### DIRECTIONS
Type out the listing again, exactly, with every line included.

### THE DATA
Start of Block

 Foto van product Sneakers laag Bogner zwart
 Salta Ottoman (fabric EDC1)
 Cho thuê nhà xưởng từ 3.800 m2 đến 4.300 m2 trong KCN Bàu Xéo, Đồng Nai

End of Block

### ANSWER TO THE PROBLEM
 Foto van product Sneakers laag Bogner zwart
 Salta Ottoman (fabric EDC1)
 Cho thuê nhà xưởng từ 3.800 m2 đến 4.300 m2 trong KCN Bàu Xéo, Đồng Nai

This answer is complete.